The posted diameter on the link you sent is the manufacturer's recommended hole size. If possible, purchase the bulkhead and then take it to the place that you will purchase the diamond bit. You want to the smallest hole that the bulkhead can fit through!

*edit*
hole size for a 1" bulkhead is 1 3/4" - this is actually VERY typical for 1" bulkheads


----------



## dendrorandall (Apr 30, 2007)

Im having a hard time finding a 44.5 mm bit. Would a 45 mm bit work? Might need silicone?

45mm Diamond tipped drill bit bits hole saw dewalt tile - eBay (item 350165416641 end time Feb-16-09 19:13:19 PST)



Also do I want the drill bit to be tipped or coated with diamonds?


----------



## melas (Oct 24, 2007)

dendrorandall said:


> Im having a hard time finding a 44.5 mm bit. Would a 45 mm bit work? Might need silicone?
> 
> 45mm Diamond tipped drill bit bits hole saw dewalt tile - eBay (item 350165416641 end time Feb-16-09 19:13:19 PST)
> 
> Also do I want the drill bit to be tipped or coated with diamonds?


here's one - again you want the hole to be as close to the size of the bulkhead as possible.
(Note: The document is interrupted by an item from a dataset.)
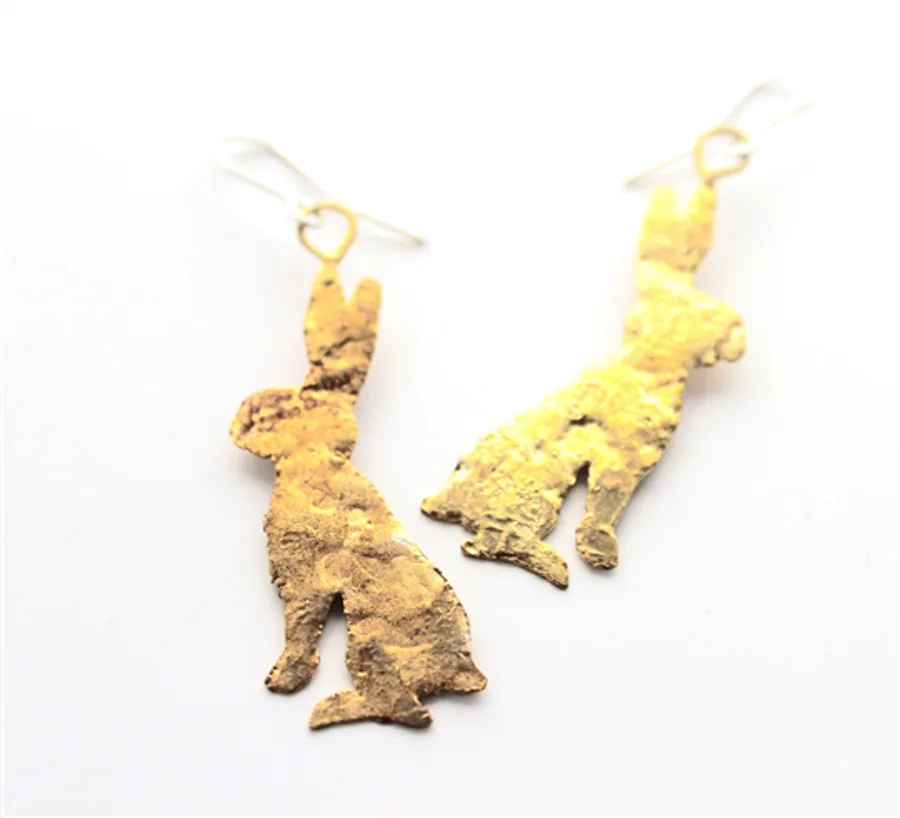 Brass Lobee Hare Earrings - La Jewellery - FashionsVida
However I don't know that .5mm will be a big deal - you don't want any part of trying to silicone (silicone doesn't stick to plastic very well or at all). The width of the rubber gasket will give you a little "wiggle" room.

1 3/4" Diamond Tile Glass Marble Hole Saw Drill bits - eBay (item 140269019771 end time Feb-18-09 01:14:37 PST)

I've always used diamond coated hole saw to drill glass in the past - I'm not sure what the diamond tipped would be like - I have a feeling that either would work - maybe someone will chime in on that.


----------



## wimpy (Dec 14, 2006)

I bought my 1.75" bit through Jehmco. While a bit more expensive, I've already cut around 30 holes with it and I can see that it has plenty of life left in it. It goes through glass, proverbally, like a hot knife through butter!I just let the weight of the drill do the work and 5 minutes later (1/4" glass) and it's through. Jehmco also has great customer service. 

Glass Drills


----------